Sorting of a List is done with one of two sort() methods in the Collections class. If the element type
implements Comparable then you would use the sort(List list) version. Otherwise, you would need to provide
a Comparator and use sort(List list, Comparator comparator). Both versions are destructive to the List and
guarantee O(n log2n)performance (or better), including when sorting a LinkedList, using a merge sort variation.
Sorting of arrays is done with one of eighteen different methods. There are two methods for sorting each of the
seven primitive types (besides boolean), one for sorting the whole array and one for sorting part of the array.
The remaining four are for sorting object arrays (Object[ ]).
The sorting of primitive arrays involving just calling Arrays.sort() with your array as the argument, and letting
the compiler determine which of the following methods to pick:

 void sort(byte array[ ])


 void sort(byte array[ ], int fromIndex, int toIndex)
 void sort(short array[ ])
 void sort(short array[ ], int fromIndex, int toIndex)
 void sort(int array[ ])
 void sort(int array[ ], int fromIndex, int toIndex)
 void sort(long array[ ])
 void sort(long array[ ], int fromIndex, int toIndex)
 void sort(float array[ ])
 void sort(float array[ ], int fromIndex, int toIndex)
 void sort(double array[ ])
 void sort(double array[ ], int fromIndex, int toIndex)
 void sort(char array[ ])
 void sort(char array[ ], int fromIndex, int toIndex)

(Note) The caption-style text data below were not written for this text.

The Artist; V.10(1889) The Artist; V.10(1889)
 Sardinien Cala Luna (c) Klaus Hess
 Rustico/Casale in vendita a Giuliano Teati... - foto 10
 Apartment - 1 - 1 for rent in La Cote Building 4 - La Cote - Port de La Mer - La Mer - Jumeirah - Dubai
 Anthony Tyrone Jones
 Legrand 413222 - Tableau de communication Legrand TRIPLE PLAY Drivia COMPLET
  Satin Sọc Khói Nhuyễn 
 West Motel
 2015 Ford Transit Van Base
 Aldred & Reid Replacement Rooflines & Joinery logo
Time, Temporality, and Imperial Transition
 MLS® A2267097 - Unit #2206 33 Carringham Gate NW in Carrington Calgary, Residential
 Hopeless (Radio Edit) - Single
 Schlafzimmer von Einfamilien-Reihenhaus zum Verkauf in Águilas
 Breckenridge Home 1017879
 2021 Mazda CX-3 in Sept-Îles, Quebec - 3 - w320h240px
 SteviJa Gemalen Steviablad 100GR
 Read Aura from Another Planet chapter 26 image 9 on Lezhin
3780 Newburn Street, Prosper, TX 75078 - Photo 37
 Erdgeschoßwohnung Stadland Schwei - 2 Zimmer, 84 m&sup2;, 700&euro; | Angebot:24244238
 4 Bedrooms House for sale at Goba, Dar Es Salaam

The sorting of object arrays is a little more involved, as the compiler doesn't check everything for you. If the
object in the array implements Comparable, then you can just sort the array directly, in whole or in part.
Otherwise, you must provide a Comparator to do the sorting for you. You can also provide
a Comparator implementation if you don't like the default ordering.

 void sort(Object array[ ])


 void sort(Object array[ ], int fromIndex, int toIndex)
 void sort(Object array[ ], Comparator comparator)
 void sort(Object array[ ], int fromIndex, int toIndex, Comparator comparator)

Searching
Besides sorting, the Collections and Arrays classes provide mechanisms to search a List or array, as well as to
find the minimum and maximum values within a Collection.
While you can use the contains() method of List to find if an element is part of the list, it assumes an unsorted
list. If you've previously sorted the List, using Collections.sort(), then you can do a much quicker binary search
using one of the two overridden binarySearch() methods. If the objects in the List implement Comparable, then
you don't need to provide aComparator. Otherwise, you must provide a Comparator. In addition, if you sorted
with a Comparator, you must use the same Comparator when binary searching.

 public static int binarySearch(List list, Object key)


 public static int binarySearch(List list, Object key, Comparator comparator)

If the List to search subclasses the AbstractSequentialList class (like LinkedList), then a sequential search is


actually done.
Array searching works the same way. After using one of the Arrays.sort() methods, you can take the resulting
array and search for an element. There are seven overridden varieties ofbinarySearch() to search for a primitive
(all but boolean), and two to search an Object array, both with and without a Comparator.
If the original List or array is unsorted, the result is non-deterministic.
Besides searching for specific elements within a List, you can search for extreme elements within
any Collection: the minimum and maximum. If you know your collection is already sorted, just get the first or
last element. However, for unsorted collections, you can use one of the min() or max() methods of Collections.
If the object in the collection doesn't implementComparable, then you must provide a Comparator.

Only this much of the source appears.